Despite the “bug” in its name, the sowbug is actually a terrestrial crustacean and is more closely related to lobsters, shrimp and crayfish than insects. This is not a native species, although it is found throughout much of North America; it was introduced from Europe.

Sowbugs love dark, damp places and are commonly found in yards under wood or rocks. Compost heaps are another great retreat for this animal. They also often crawl through spaces in the foundation or through gaps around basement windows and end up in the basement where they can survive quite well if the basement is unfinished.

They feed primarily on dead plant and animal matter, including rotting wood. Sowbugs are considered beneficial because they are effective decomposers.

The European Sowbug has a smooth texture and has a wide, flat, oval-like shape. When disturbed it tends to freeze before moving off. They cannot “roll up” like their relative, the Pillbug.

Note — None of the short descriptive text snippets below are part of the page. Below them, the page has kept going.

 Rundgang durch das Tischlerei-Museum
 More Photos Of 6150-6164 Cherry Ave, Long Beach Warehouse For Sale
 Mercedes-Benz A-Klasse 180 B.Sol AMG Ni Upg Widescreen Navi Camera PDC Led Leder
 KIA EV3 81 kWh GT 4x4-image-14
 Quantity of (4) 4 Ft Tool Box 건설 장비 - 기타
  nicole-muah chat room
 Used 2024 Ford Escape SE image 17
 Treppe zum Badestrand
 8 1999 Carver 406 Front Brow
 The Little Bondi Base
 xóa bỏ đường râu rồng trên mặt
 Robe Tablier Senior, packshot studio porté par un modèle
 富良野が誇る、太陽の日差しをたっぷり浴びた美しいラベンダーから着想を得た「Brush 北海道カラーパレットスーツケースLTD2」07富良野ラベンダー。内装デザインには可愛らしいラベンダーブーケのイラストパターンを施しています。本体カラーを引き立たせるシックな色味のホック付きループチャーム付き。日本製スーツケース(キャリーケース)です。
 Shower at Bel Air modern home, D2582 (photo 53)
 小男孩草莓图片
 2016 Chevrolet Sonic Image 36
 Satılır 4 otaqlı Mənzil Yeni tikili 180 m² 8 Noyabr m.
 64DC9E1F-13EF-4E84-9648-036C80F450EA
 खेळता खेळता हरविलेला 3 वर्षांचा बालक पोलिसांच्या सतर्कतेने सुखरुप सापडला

Like a kangaroo, female sowbugs have a pouch called a marsupium, in which the eggs are incubated until they hatch. The young leave the pouch and typically molt soon after. It may take a number of months to mature and the mother sowbug will often stay close to her young until they are adults.

In some parts of the world, it is believed that eating sowbugs can help ease an upset stomach. Although not proven, this might be true, because sowbug shells are high in calcium carbonate. Sowbugs have the amazing ability to store very high concentrations of metals in the pancreas. This trait has been used by scientists to study metal contamination of various environments.